Zełenski wzywa do dokładnego śledztwa w sprawie katastrofy lotniczej w Kazachstanie: słowa o możliwym sprawcy!
W piątek prezydent Ukrainy Wołodymyr Zełenski wezwał do wszczęcia dokładnego śledztwa w sprawie katastrofy samolotu Azerbaijan Airlines (AZAL) w Kazachstanie. Według niego na scenie szykują się nieszczęścia „wyraźne dowody wizualne”które rzekomo na to wskazują Za katastrofę odpowiedzialna jest Rosja. Jak wynika z raportu agencji AFP, TASR o tym informuje.
Samolot Embraer 190 firmy AZAL leciał ze stolicy Azerbejdżanu, Baku do stolicy Czeczenii Groznyj. Samolot musiał to zrobić w trakcie lotu zmienić kierunek nad Morzem Kaspijskim i rozbił się podczas próby lądowania w mieście Aktau w Kazachstanie. To było na pokładzie 67 osób, w tym pięciu członków załogi. Wypadek zrobił swoje 38 ofiar.
W piątek linie lotnicze Azerbaijan Airlines poinformowały, że według wstępnych wyników śledztwa w sprawie katastrofy tak prawdopodobna przyczyna to „zewnętrzna interwencja fizyczna i techniczna”. Media azerbejdżańskie już napisały, że maszyna najwyraźniej rakieta rosyjskiego systemu obrony powietrznej trafiona podczas ukraińskiego ataku dronów w Rosji.
Kreml twierdzi o rzekomej interwencji odmówił komentarzaodnosząc się do toczącego się śledztwa.
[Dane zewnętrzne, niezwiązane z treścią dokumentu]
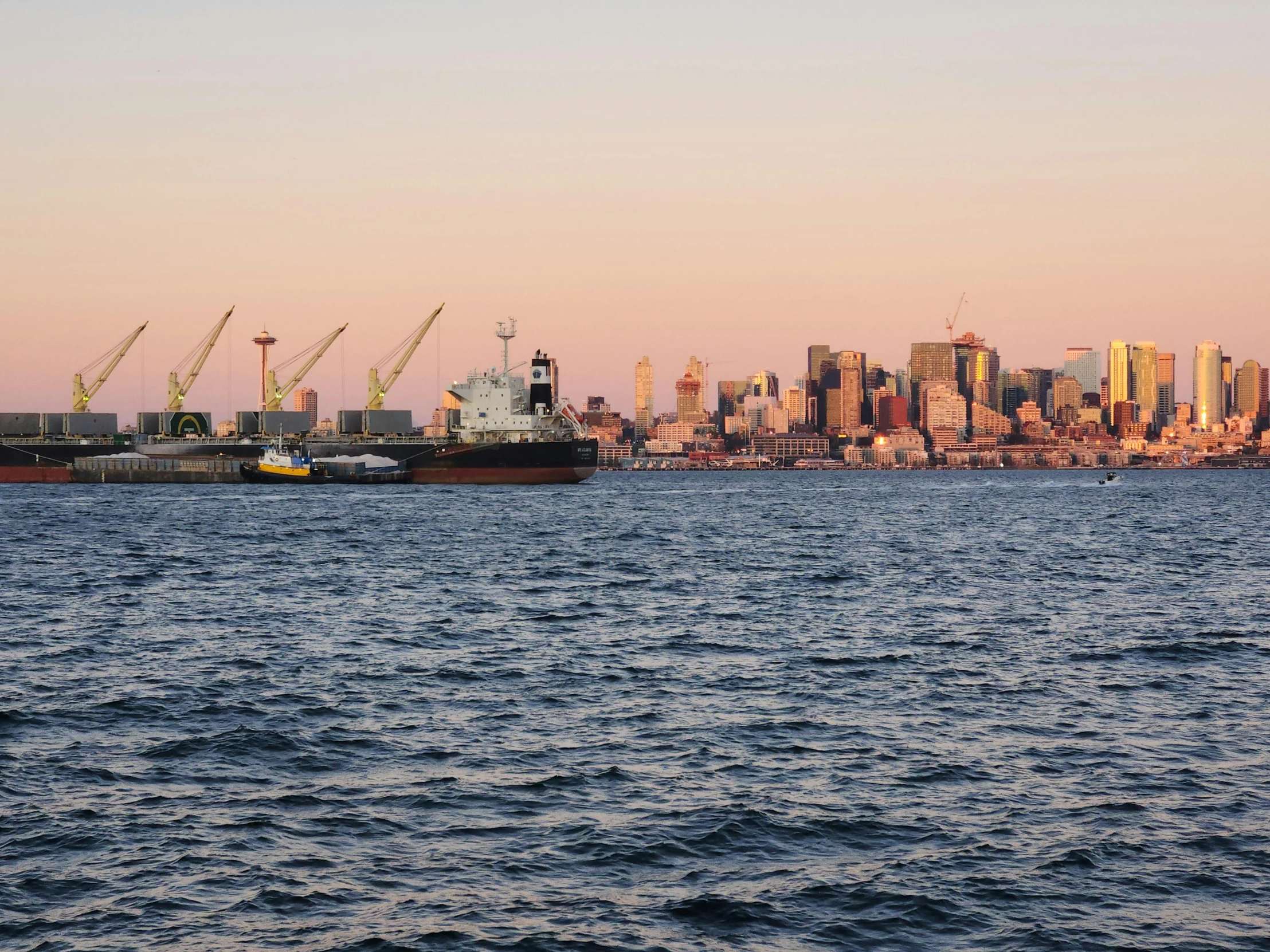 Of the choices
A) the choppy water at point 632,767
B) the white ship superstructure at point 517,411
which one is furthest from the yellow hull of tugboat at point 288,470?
the choppy water at point 632,767

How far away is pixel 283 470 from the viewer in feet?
616

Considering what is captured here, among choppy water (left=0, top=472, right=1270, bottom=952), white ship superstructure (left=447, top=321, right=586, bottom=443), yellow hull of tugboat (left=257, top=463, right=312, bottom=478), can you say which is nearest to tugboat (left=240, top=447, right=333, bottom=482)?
yellow hull of tugboat (left=257, top=463, right=312, bottom=478)

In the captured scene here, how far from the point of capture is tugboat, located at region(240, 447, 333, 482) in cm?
18725

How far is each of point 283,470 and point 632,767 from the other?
173 meters

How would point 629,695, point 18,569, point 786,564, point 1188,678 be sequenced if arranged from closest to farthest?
point 629,695 → point 1188,678 → point 18,569 → point 786,564

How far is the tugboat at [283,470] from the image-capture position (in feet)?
614

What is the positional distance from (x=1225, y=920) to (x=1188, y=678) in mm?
18343

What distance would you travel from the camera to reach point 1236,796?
2152 centimetres

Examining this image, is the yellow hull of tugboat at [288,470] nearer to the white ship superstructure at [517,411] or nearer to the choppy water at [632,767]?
the white ship superstructure at [517,411]

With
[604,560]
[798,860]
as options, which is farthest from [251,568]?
[798,860]

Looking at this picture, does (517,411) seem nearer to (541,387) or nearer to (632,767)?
(541,387)

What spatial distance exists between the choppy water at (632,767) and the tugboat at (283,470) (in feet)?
436

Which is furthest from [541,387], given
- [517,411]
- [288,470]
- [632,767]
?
[632,767]

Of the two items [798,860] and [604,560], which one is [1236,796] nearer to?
[798,860] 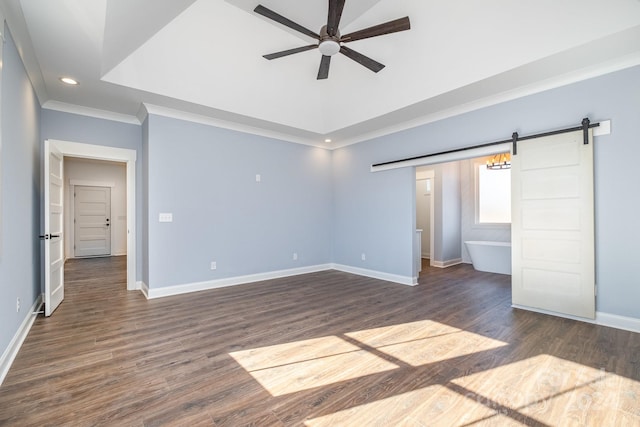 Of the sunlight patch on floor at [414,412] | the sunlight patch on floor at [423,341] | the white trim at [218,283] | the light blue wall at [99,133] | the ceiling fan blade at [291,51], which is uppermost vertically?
the ceiling fan blade at [291,51]

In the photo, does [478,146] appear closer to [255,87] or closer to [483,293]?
[483,293]

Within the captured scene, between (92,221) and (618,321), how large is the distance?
11307 millimetres

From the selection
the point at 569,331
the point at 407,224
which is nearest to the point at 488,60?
the point at 407,224

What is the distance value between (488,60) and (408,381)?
333cm

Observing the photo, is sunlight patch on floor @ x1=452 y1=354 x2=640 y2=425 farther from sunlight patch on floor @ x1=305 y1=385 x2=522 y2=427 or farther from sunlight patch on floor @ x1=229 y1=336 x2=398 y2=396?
sunlight patch on floor @ x1=229 y1=336 x2=398 y2=396

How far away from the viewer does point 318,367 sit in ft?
7.32

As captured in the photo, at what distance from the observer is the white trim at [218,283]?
417 centimetres

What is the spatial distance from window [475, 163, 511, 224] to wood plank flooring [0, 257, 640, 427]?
3352mm

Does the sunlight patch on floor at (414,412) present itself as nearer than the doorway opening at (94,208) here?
Yes

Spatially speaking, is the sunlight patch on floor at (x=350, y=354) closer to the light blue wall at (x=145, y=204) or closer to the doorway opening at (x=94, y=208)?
the light blue wall at (x=145, y=204)

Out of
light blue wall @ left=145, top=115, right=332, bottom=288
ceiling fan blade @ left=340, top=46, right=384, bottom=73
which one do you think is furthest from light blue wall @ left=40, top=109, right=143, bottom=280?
ceiling fan blade @ left=340, top=46, right=384, bottom=73

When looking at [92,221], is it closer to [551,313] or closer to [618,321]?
[551,313]

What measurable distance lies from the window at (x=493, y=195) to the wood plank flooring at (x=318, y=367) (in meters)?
3.35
Według BBC władze Kazachstanu ściśle współpracują z Azerbejdżanem w celu zbadania wypadku odmówił ujawnienia szczegółów toczącego się śledztwa.
Nienazwane źródła portalu Euronews podają, że mimo prośba pilota o awaryjne lądowanie nie było samolotu pozwolono lądować na rosyjskich lotniskach, więc trzeba było skierować go do Kazachstanu po drugiej stronie Morza Kaspijskiego. Według Reutersa władze nie wyjaśniły tego kroku. Tak twierdzi minister rozwoju cyfrowego i transportu Azerbejdżanu Rashad Nabiyev ocaleni usłyszeli trzy eksplozje, gdy samolot znajdował się nad Groznym. „Dochodzenie wykaże jakiej broni użyto w ataku” powiedział minister.
Według AFP inni urzędnicy rządu Azerbejdżanu nie odpowiedzieli na pytania dotyczące możliwych przyczyn katastrofy. Jednak poseł z Azerbejdżanu Rasim Musabekov wezwał Rosję do przeprosin za incydent. „Muszą się z tym pogodzić, ukarać winnych, obiecać, że to się więcej nie powtórzy, wyrazić żal i chęć zapłaty odszkodowania” – dodał. Musabekov powiedział AFP. Według niego władze rosyjskie nie pozwolili samolotowi wylądować na ich terytorium, aby „zatuszować zbrodnię”.